Nama : SARDI IRFANSYAH
KELAS : 1IB03
NPM : 16412848


BAB V.  Warga Negara dan Negara

Pemerintah Diminta Tak Tumbalkan Buruh Demi Investasi
Wahyudi Siregar - Okezone
Senin, 12 November 2012 19:31 wib
            MEDAN – Presidium Majelis Pekerja Buruh Indonesia Sumatera, Minggu Saragih menilai, upaya pemerintah mempertahankan upah murah di Indonesia sebagai bentuk penumbalan buruh dan pekerja demi tercapainya program pemerintah menarik investasi ke dalam negeri. Namun dengan orientasi seperti itu, pemerintah sejatinya gagal mewujudkan kesejahteraan.
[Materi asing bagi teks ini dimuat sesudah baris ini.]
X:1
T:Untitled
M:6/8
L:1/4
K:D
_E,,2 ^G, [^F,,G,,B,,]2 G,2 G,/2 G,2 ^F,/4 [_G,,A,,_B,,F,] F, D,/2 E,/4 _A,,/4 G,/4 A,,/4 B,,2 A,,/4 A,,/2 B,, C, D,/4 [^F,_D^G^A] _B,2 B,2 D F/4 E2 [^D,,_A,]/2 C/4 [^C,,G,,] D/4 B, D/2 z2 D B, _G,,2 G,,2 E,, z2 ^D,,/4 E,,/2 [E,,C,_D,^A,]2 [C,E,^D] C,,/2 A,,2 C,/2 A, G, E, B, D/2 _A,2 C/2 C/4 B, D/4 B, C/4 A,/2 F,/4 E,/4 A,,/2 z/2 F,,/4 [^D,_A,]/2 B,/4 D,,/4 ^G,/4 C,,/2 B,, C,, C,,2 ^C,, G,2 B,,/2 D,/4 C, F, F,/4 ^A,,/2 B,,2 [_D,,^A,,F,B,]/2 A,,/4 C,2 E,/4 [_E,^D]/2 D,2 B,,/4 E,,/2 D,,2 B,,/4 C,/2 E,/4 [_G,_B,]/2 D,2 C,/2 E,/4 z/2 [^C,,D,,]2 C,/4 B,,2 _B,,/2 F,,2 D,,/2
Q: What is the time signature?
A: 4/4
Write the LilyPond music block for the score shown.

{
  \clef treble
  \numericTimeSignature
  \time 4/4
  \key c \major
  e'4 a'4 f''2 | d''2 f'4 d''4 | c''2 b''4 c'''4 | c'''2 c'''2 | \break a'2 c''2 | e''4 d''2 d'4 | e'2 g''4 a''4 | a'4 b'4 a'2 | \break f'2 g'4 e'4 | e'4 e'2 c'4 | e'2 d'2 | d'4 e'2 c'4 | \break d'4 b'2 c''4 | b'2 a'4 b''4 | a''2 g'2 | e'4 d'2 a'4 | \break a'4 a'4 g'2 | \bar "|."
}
            Menurut Minggu, di tengah krisis yang terjadi di Eropa dan Amerika Serikat (AS), pasar Asia kini telah menjadi primadona. Investor berbondong-bondong masuk ke dalam negeri untuk menggarap pasar lokal yang memiliki tingkat konsumsi tinggi. Apalagi ketersediaan bahan baku yang cukup untuk mendukung industri, akan semakin membuat pasar menggeliat. Namun faktanya, Indonesia masih harus bersaing dengan India dan China yang juga memiliki potensi pasar yang besar. Sehingga pemerintah dinilai terpaksa menerapkan upah murah untuk menarik investor.

            “Pemerintah kan ingin populer dengan pemberitaan makro ekonomi yang baik. Seperti angka pengangguran menurun, nilai investasi tinggi. Tapi sebenarnya, kualitas dari pencapaian itu juga penting. Karena kalau enggak yang ada justru ketimpangan. Jangan kami teruslah yang ditumbalkan. Ketidaksiapan pemerintah bersaing dari sisi penyediaan prasarana, diwujudkan dengan penawaran upah murah untuk menarik investasi. Karena faktanya, India dan China saat ini upahnya lebih tinggi, namun siap secara infrastruktur,” jelasnya, Senin (12/11/2012).

            Minggu mengaku, buruh cukup mengapresiasi upaya pemerintah pusat melalui kementerian tenaga kerja, untuk menaikkan upah secara signifikan. Namun apresiasi terhadap pemerintah itu terpaksa dipatahkan karena sebagai perwakilan pemerintah pusat di daerah, pemerintah provinsi justru mengabaikannya. Dia mengingatkan, agar pemerintah berhenti mengorbankan parah buruh yang sudah terlalu lama dipojokkan dengan upah murah.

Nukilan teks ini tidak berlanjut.